According to AMD, the A-Series development platform will include a standard Unified Extensible Firmware Interface (UEFI) boot and Linux environment. The Linux flavor will be the Red Hat sponsored, and community supported, Fedora project. According to AMD, the Opteron A-Series platform will be supported by a broad set of tools and software that includes platform device drivers, Apache web server, MySQL database engine, PHP scripting language and Java versions 7 and 8. The development kit will be bundled with a Micro-ATX form factor that will house the AMD A1100 CPU.
The AMD Opteron A1100 Series chip is based on 28-nanometer processing technology and supports:
- 4 or 8 core ARM Cortex-A57 processors;
- Maximum of 4 MB of shared L2 and 8 MB of shared L3 cache;
- Configurable dual DDR3 or DDR4 memory channels with ECC at up to 1866 MT/second;
- Up to 4 SODIMM, UDIMM or RDIMMs;
- 8 lanes of PCI-Express Gen 3 I/O;
- 8 Serial ATA 3 ports;
- 2 – 10 Gigabit Ethernet ports;
- ARM TrustZone technology for enhanced security;
- Crypto and data compression co-processors.
“The needs of the data center are changing. A one-size-fits-all approach typically limits efficiency and results in higher-cost solutions,” said Suresh Gopalakrishnan, corporate vice president and general manager of the AMD server business unit. “The new ARM-based AMD Opteron A-Series processor brings the experience and technology portfolio of an established server processor vendor to the ARM ecosystem and provides the ideal complement to our established AMD Opteron x86 server processors.”
AMD also announced it would contributing a new micro-server design based on the AMD Opteron A-Series as part of the Open Compute Project’s specification for a common slot architecture for motherboards contributed by Facebook in 2013 dubbed “Group Hug.”

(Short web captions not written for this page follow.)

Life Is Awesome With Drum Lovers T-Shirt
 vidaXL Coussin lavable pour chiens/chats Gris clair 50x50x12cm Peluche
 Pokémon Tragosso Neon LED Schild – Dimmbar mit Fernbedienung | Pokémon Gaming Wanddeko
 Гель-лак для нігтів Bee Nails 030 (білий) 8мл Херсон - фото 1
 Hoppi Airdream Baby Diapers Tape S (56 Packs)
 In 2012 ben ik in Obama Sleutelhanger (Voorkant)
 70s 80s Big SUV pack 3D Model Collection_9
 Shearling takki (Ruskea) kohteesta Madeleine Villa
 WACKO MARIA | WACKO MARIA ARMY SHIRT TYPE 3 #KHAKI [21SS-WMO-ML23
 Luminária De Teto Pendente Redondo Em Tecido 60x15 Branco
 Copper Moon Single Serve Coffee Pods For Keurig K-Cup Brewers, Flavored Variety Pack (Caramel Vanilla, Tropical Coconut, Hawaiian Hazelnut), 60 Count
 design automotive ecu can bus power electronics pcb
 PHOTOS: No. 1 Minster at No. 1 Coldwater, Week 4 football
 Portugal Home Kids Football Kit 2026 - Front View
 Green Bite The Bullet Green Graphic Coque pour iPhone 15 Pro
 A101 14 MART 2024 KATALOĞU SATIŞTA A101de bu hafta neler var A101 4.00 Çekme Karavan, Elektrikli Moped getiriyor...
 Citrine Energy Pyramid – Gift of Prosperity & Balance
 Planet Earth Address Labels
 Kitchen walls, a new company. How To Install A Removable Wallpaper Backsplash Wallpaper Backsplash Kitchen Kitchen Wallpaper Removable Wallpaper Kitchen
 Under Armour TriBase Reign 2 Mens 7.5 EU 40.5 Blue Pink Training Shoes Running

Low power, and lower cost, ARM based servers have long been recognized as a requirement for data centers that need to become energy efficient, cheaper to operate, and more environmentally friendly. However, up until now, the 64-bit ARM server chip has only been an intangible and there has been a lack of enthusiasm from customers for the 32-bit server processor when applications and users demanded speed that Intel and AMD could provide in the form of fully powered 64-bit CPU options.